Black turns into a fashion-art issue as the voices add up. “Certain garments look safer and classic in black. It is a solid, monotonous colour against which the rest of the drama of a costume and accessorizing comes out,” says Gaurav Gupta, whose recent space-age collection with accessory designer Mawi Keviom interpreted black and black-gold in an avant-garde way. There are other instances. “For me black is a darker version of white. It is expressive, pure, clean and strong and India is learning its own black,” says designer Mrinalini. She cities film award shows—10 years back, a top actress would rarely dress in black, now black reigns on the Indian red carpet. Mrinalini’s autumn/winter collection last year was called Black Lovers Anonymous. “I explored black humour through it—it is also the hue of burglars, mafias, hustlers and all underground professions,” she adds.

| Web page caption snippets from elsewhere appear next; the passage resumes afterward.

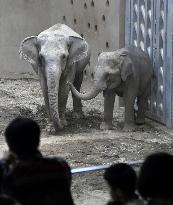 Asian elephants at Sapporo zoo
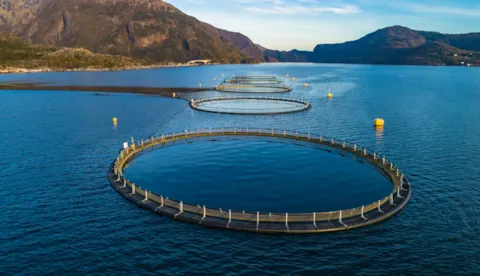 Smarter compliance for aquaculture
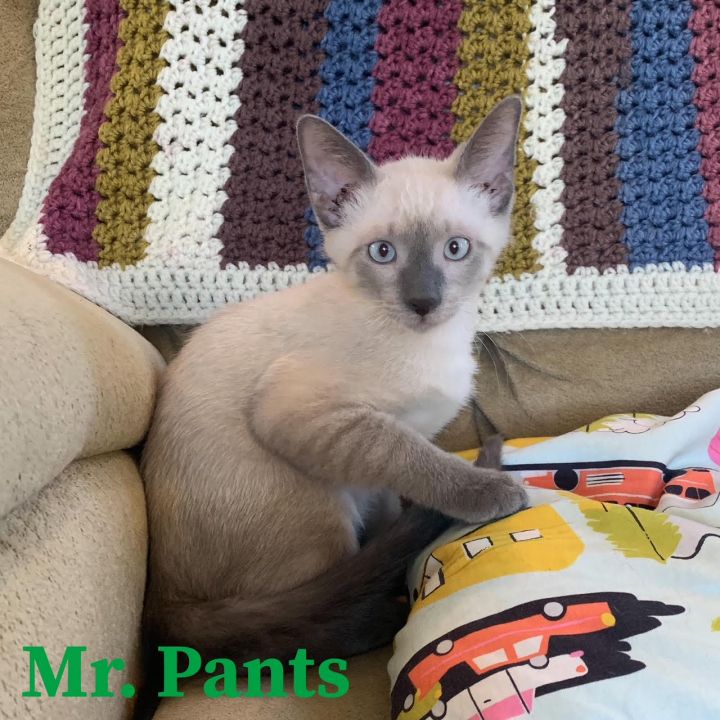 Mr. Pants, an adoptable Domestic Short Hair Mix in Springfield, MO_image-1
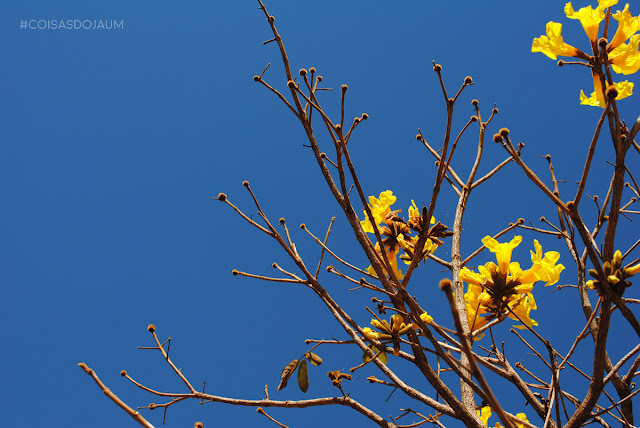 Parque Tecnológico de Uberaba, Ipê Amarelo, Uberaba, Nelltech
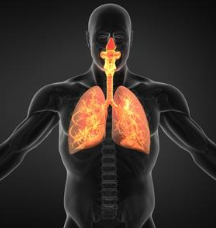 Respiratory System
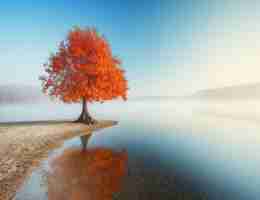 java后​端‍服‌务‌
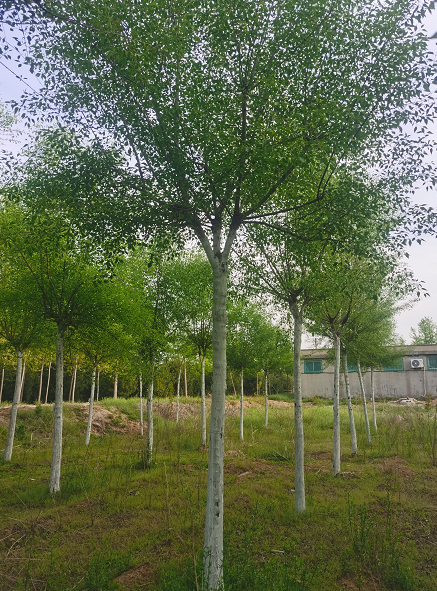 丝棉木丝棉木种植基地 二乔苗木树苗 落叶乔木观赏绿化行道树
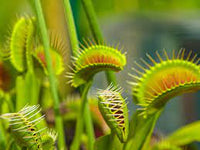 Heirloom Non-GMO Carnivorous Plant Seeds for Planting – Unique Insect-Eating Flower Seeds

Others cite a deeper, instinctual connect with black. “Whenever I pick a new swatch for a new collection, it is black. For me it’s a blank slate, it is easy to build up with black as the starting point,” says Joshipura, adding that black is serious and stable for her, not dark and melancholic. Her finale collection at the WIFW, elecTRON, used black as the primary colour for a variety of sassy and finely structured silhouettes mixed subtly with red, gold or silver.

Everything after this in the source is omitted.